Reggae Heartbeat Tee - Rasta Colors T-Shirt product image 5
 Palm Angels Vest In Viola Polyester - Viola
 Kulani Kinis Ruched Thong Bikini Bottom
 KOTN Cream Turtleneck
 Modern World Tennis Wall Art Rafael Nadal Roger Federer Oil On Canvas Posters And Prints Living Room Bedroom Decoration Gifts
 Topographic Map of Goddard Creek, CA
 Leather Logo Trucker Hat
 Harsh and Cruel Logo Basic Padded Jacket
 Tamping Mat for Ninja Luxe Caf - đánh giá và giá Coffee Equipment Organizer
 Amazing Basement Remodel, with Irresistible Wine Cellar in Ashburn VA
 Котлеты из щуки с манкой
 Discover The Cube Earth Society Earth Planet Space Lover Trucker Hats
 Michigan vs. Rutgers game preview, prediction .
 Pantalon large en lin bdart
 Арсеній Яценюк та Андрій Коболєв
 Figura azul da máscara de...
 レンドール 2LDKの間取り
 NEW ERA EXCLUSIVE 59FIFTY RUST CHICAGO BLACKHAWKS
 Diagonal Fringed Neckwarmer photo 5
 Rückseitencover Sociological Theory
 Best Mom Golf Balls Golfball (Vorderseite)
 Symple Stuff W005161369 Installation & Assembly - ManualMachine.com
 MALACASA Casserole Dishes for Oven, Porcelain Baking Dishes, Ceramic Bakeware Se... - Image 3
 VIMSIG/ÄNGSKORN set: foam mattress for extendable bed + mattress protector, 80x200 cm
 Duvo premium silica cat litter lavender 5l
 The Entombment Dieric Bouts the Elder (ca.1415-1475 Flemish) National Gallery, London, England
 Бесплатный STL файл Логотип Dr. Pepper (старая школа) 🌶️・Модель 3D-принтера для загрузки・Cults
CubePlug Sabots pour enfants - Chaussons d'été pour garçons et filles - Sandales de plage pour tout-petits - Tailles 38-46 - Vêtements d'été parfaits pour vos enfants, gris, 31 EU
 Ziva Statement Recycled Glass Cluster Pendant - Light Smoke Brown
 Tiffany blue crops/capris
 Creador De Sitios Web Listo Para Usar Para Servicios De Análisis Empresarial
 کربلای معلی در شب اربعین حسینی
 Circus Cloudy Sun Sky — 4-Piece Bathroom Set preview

────────────────────

* _Work to be completed_: Where the data above reaches the line holding "Duvo premium silica cat litter lavender 5l", begin printing, and stop after the line holding "Tiffany blue crops/capris". Each line must be reproduced exactly, with nothing else added.

* _Answer to the exercise_:
 Duvo premium silica cat litter lavender 5l
 The Entombment Dieric Bouts the Elder (ca.1415-1475 Flemish) National Gallery, London, England
 Бесплатный STL файл Логотип Dr. Pepper (старая школа) 🌶️・Модель 3D-принтера для загрузки・Cults
CubePlug Sabots pour enfants - Chaussons d'été pour garçons et filles - Sandales de plage pour tout-petits - Tailles 38-46 - Vêtements d'été parfaits pour vos enfants, gris, 31 EU
 Ziva Statement Recycled Glass Cluster Pendant - Light Smoke Brown
 Tiffany blue crops/capris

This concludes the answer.